Your instructions:
Although the records include pictures, print only the rest, exactly as written.

[Image-text web data]
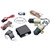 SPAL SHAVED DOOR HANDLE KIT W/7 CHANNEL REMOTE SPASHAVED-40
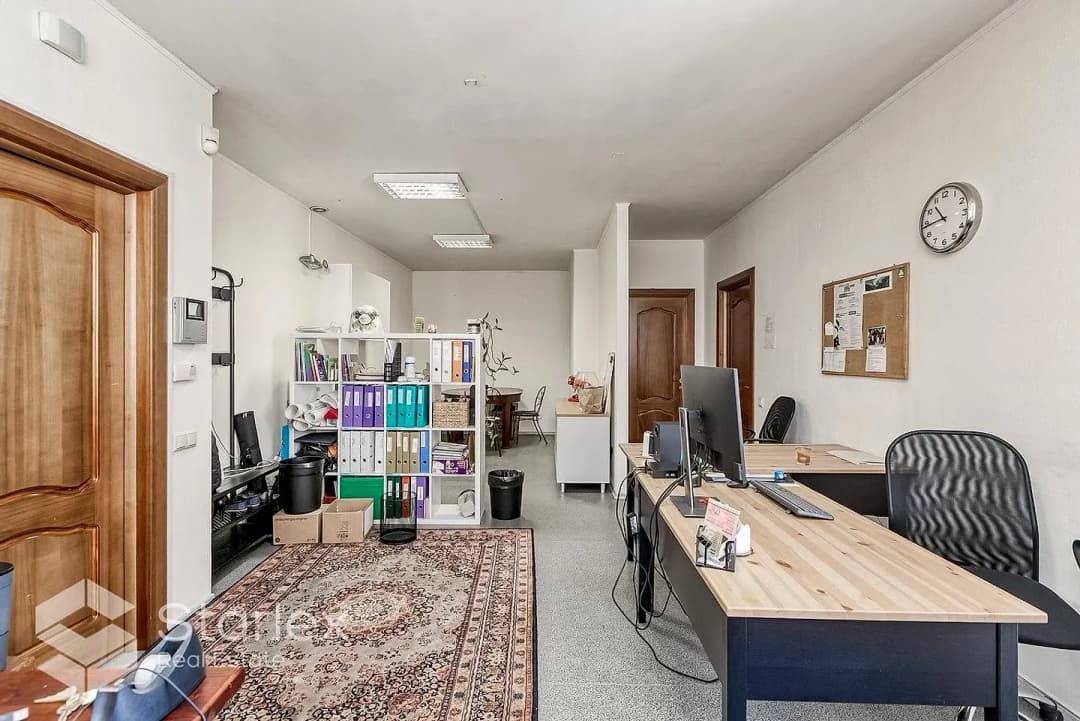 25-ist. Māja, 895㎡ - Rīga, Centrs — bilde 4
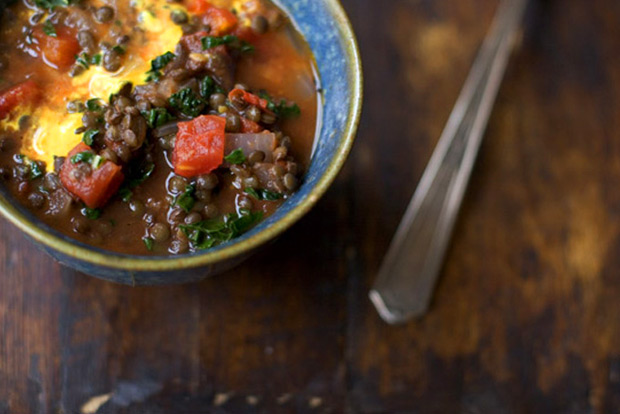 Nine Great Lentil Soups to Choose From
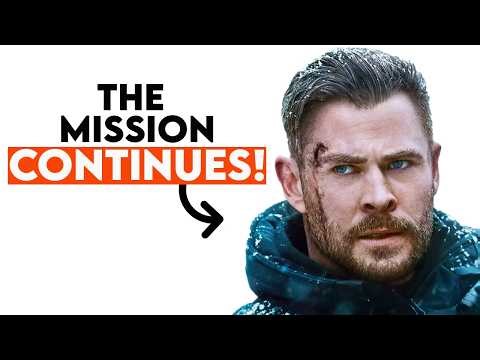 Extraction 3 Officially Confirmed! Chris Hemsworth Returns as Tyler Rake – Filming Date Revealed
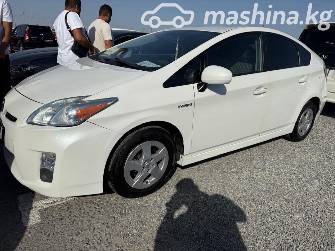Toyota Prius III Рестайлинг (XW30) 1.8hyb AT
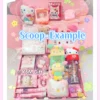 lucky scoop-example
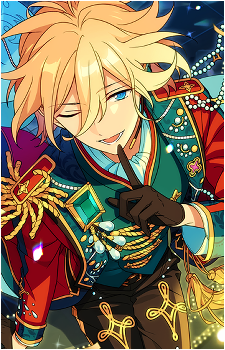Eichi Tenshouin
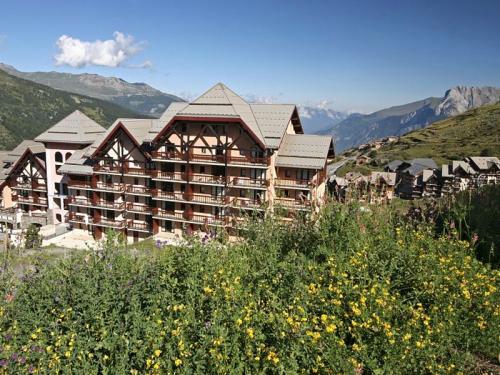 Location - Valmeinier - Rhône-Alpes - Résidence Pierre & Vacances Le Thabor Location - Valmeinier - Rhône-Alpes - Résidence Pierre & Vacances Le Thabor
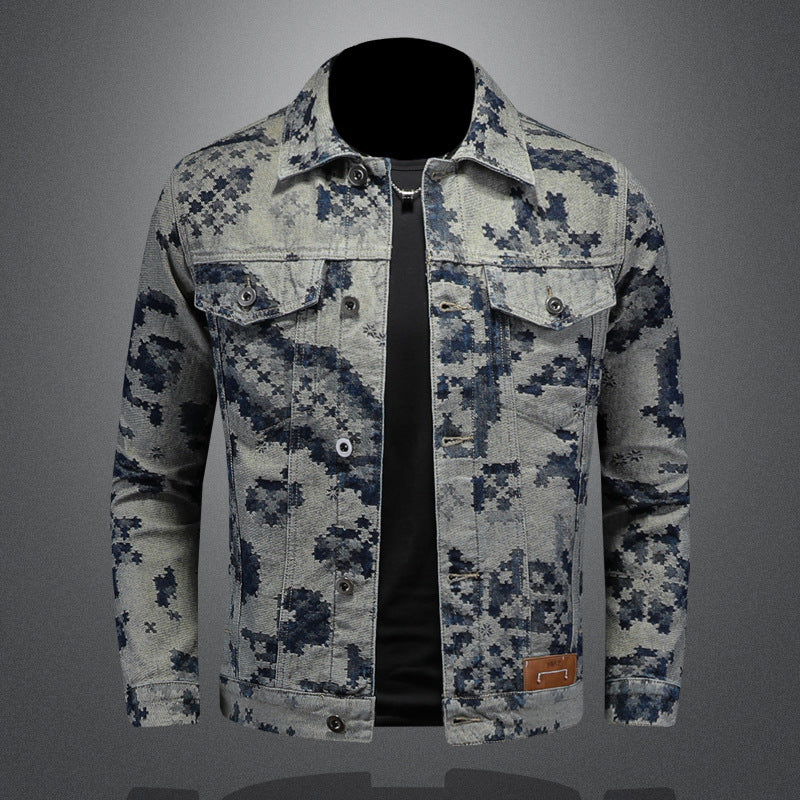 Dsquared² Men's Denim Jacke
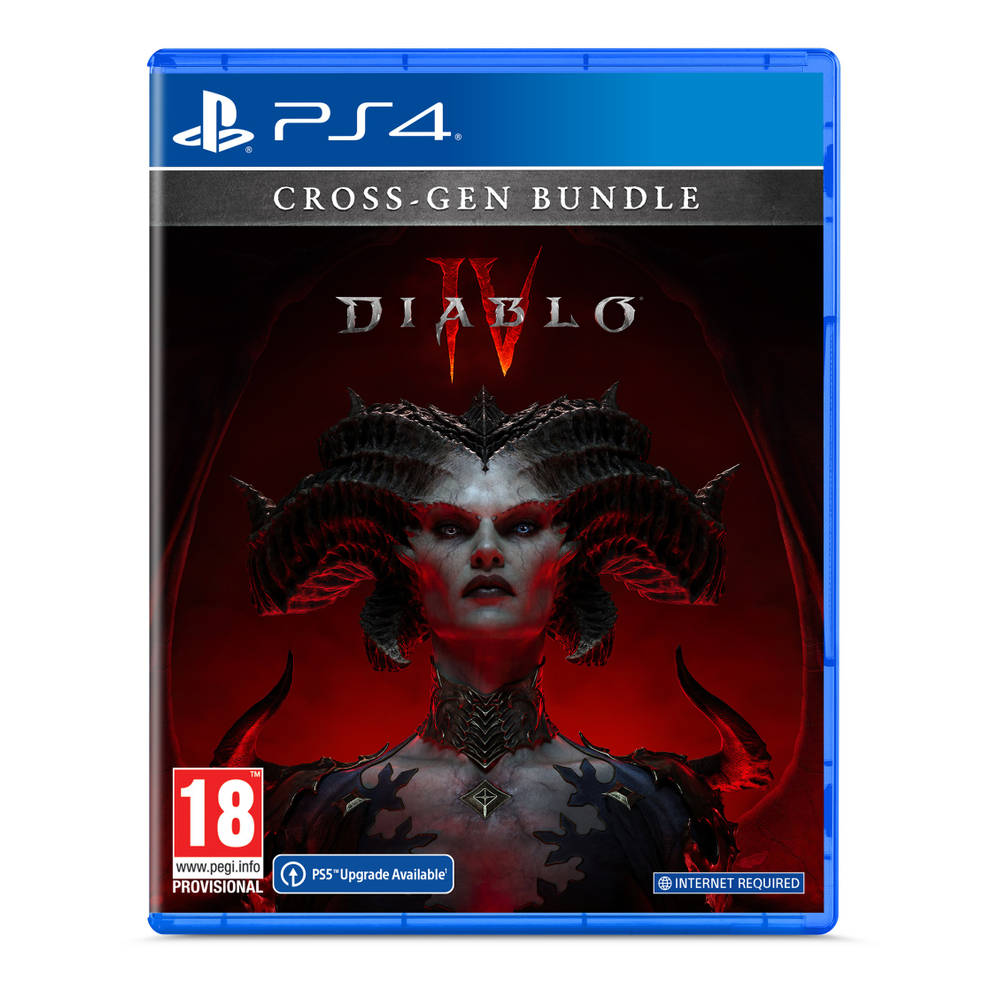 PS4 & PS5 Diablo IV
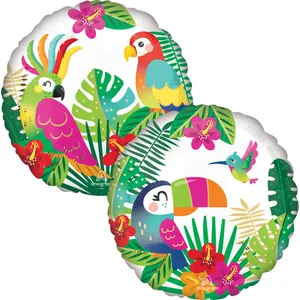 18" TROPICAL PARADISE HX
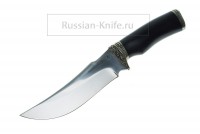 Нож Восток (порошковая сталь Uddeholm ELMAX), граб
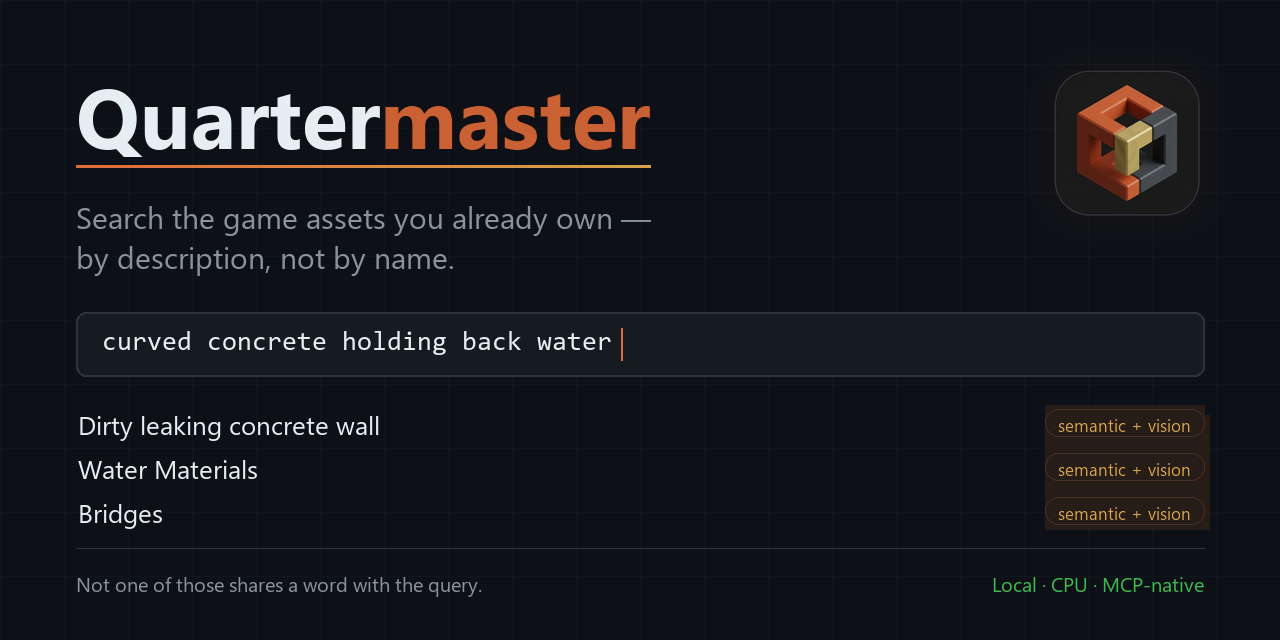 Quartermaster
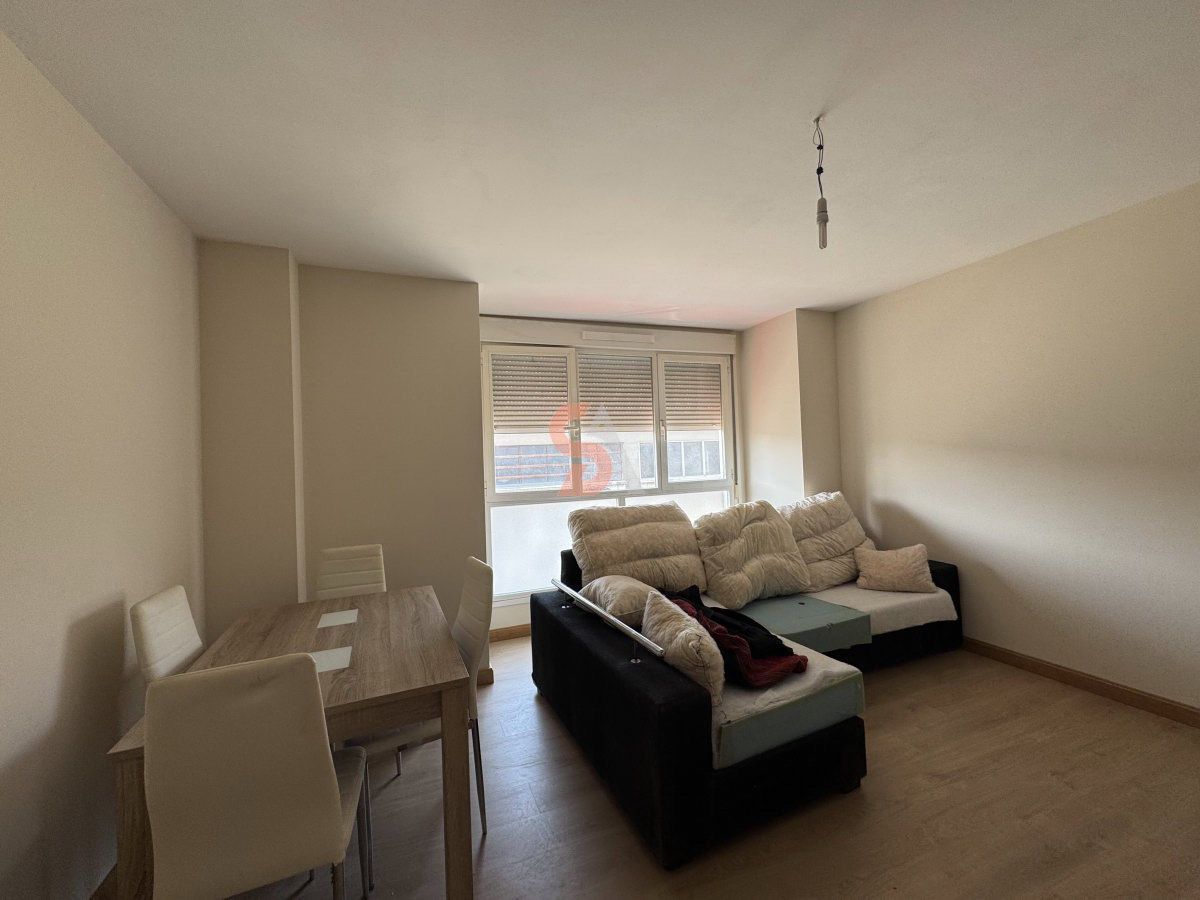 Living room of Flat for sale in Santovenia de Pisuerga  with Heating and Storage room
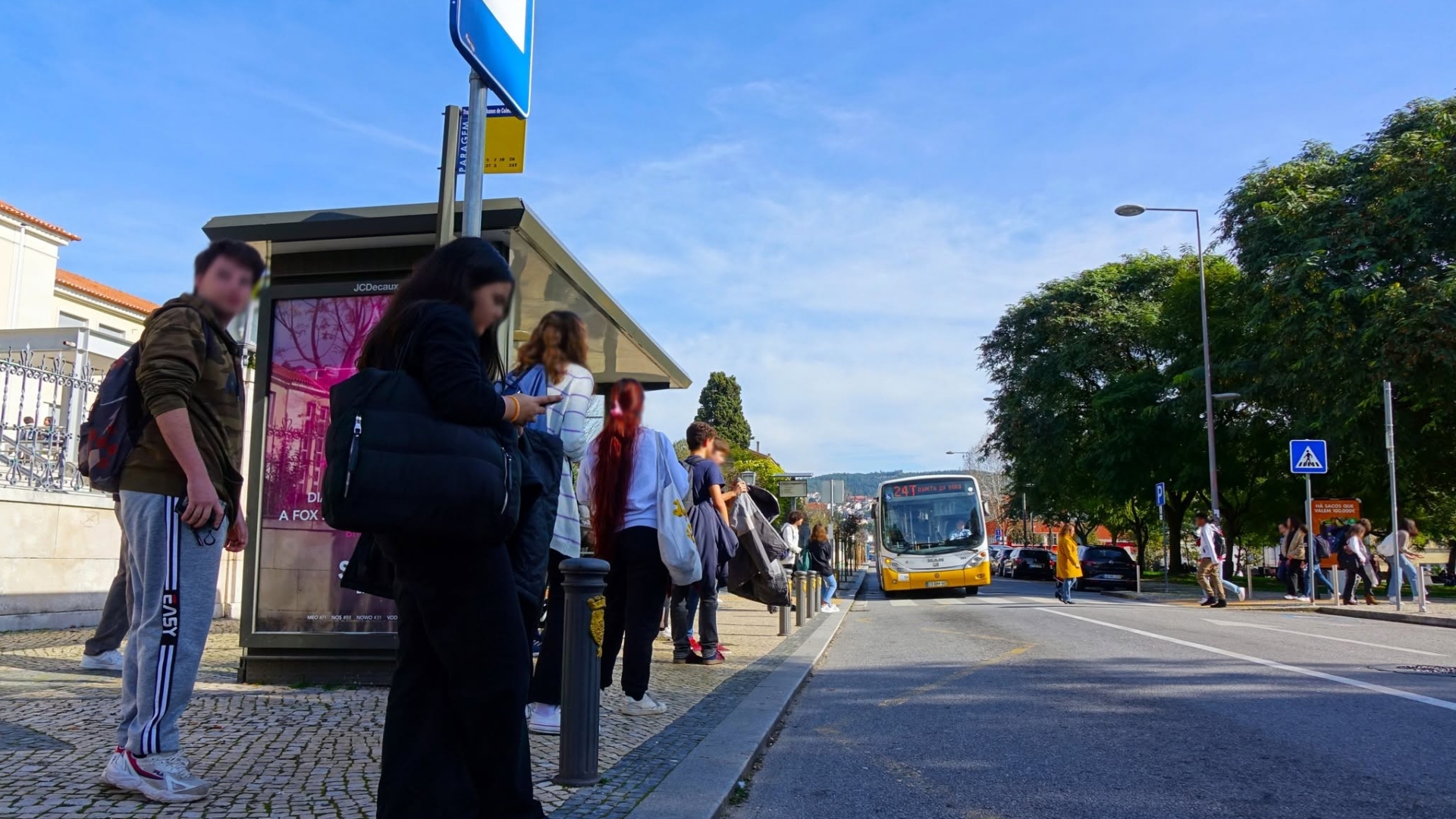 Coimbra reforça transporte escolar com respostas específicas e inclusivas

Output of the task:
 SPAL SHAVED DOOR HANDLE KIT W/7 CHANNEL REMOTE SPASHAVED-40
 25-ist. Māja, 895㎡ - Rīga, Centrs — bilde 4
 Nine Great Lentil Soups to Choose From
 Extraction 3 Officially Confirmed! Chris Hemsworth Returns as Tyler Rake – Filming Date Revealed
Toyota Prius III Рестайлинг (XW30) 1.8hyb AT
 lucky scoop-example
Eichi Tenshouin
 Location - Valmeinier - Rhône-Alpes - Résidence Pierre & Vacances Le Thabor Location - Valmeinier - Rhône-Alpes - Résidence Pierre & Vacances Le Thabor
 Dsquared² Men's Denim Jacke
 PS4 & PS5 Diablo IV
 18" TROPICAL PARADISE HX
 Нож Восток (порошковая сталь Uddeholm ELMAX), граб
 Quartermaster
 Living room of Flat for sale in Santovenia de Pisuerga  with Heating and Storage room
 Coimbra reforça transporte escolar com respostas específicas e inclusivas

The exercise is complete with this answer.